# Roots, a+bi form

• January 2nd 2011, 06:46 PM
MathFailure94
Roots, a+bi form
Express the roots of the equation -6x = 2x^2 + 5 in simplest a+bi form.

Thoughts?
• January 2nd 2011, 06:50 PM
dwsmith

$2x^2+6x+5=0$

$\displaystyle \frac{-b\pm\sqrt{b^2-4ac}}{2a}\Rightarrow \frac{-6\pm\sqrt{36-4(2)(5)}}{2(2)}=\cdots$
• January 2nd 2011, 06:50 PM
Prove It
$\displaystyle -6x = 2x^2 + 5$

$\displaystyle 0 = 2x^2 + 6x + 5$.

$\displaystyle x = \frac{-6 \pm \sqrt{6^2 - 4\cdot 2\cdot 5}}{2\cdot 2}$.

Simplify.
• January 2nd 2011, 06:56 PM
TheCoffeeMachine
$2x^2+6x+5 = 0 \Rightarrow 2\left(x+\frac{3}{2}\right)^2+\frac{1}{2} = 0.$

Then it's just one step more to finish it up.
• January 2nd 2011, 06:58 PM
MathFailure94
Okay so I got it down to

but how do i proceed from there.
and sorry about the total lack of proper mathematical typing. i have no idea how to type actual radicals, etc.
• January 2nd 2011, 07:02 PM
dwsmith
Quote:

Originally Posted by MathFailure94
Okay so I got it down to

but how do i proceed from there.
and sorry about the total lack of proper mathematical typing. i have no idea how to type actual radicals, etc.

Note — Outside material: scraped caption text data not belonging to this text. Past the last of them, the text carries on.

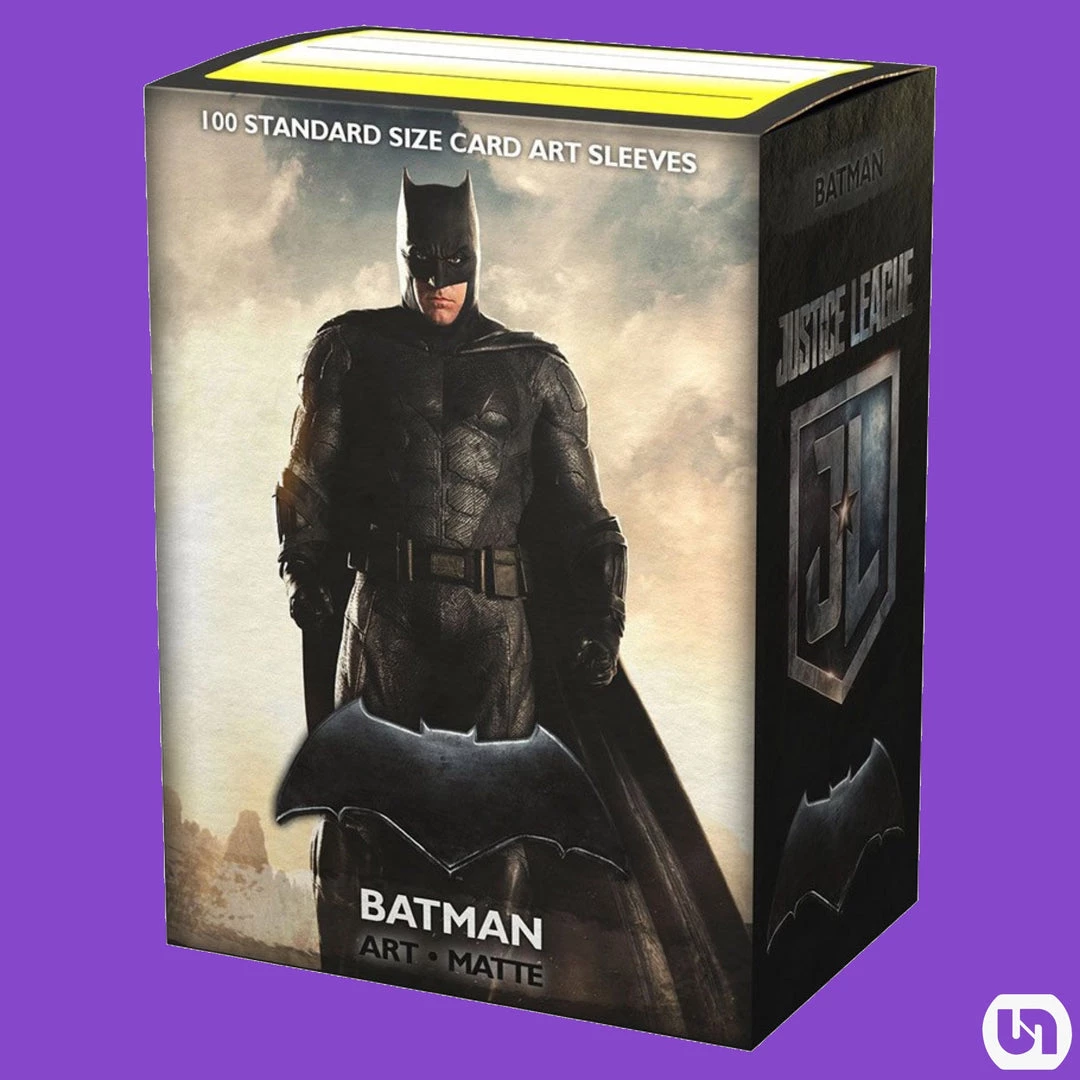 Arcane Tinman Dragon Shield Matte Art Sleeves - Matte Batman (100 Pack) 3 Arcane Tinman Dragon Shield Matte Art Sleeves - Matte Batman (100 Pack)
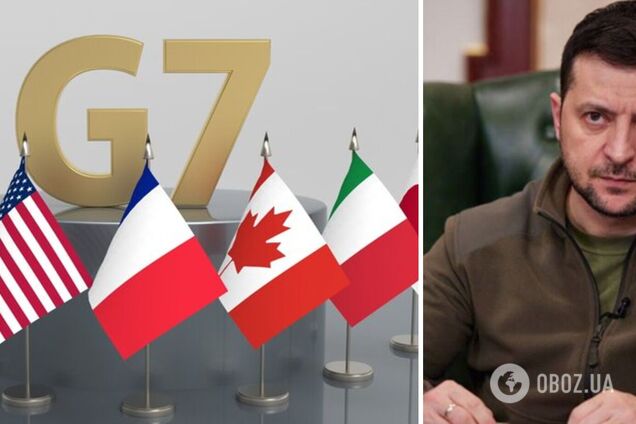 Зеленський на онлайн-саміті G7: вільному світу життєво необхідно зберегти свою консолідованість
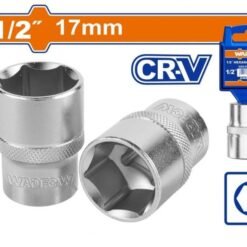 Dado Hexagonal 1/2"-17 mm Wadfow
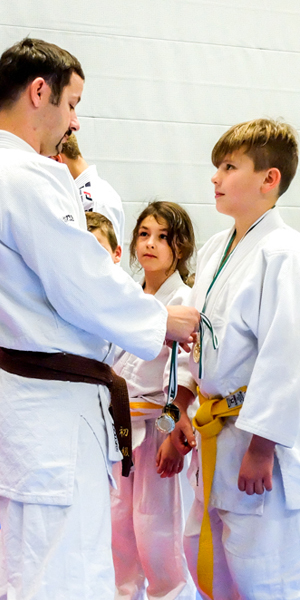 Judo und Sportverein Pirna Copitz e.V. - Medaillenübergabe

$\displaystyle\frac{-6\pm\sqrt{-4}}{4}=\frac{-6\pm 2i}{4}$
• January 2nd 2011, 07:03 PM
Prove It
How does $\displaystyle 6^2 - 4\cdot 2\cdot 5$ equal $\displaystyle 23$?
• January 2nd 2011, 07:07 PM
dwsmith
Quote:

Originally Posted by Prove It
How does $\displaystyle 6^2 - 4\cdot 2\cdot 5$ equal $\displaystyle 23$?

$36-40\equiv x \ \mbox{(mod 27)}\Rightarrow -4\equiv x \ \mbox{(mod 27)}\Rightarrow -4\equiv 23 \ \mbox{(mod 27)}$

:)
• January 2nd 2011, 07:17 PM
MathFailure94
So I'm hazarding a guess that the roots would equal 3i/2 and i/2?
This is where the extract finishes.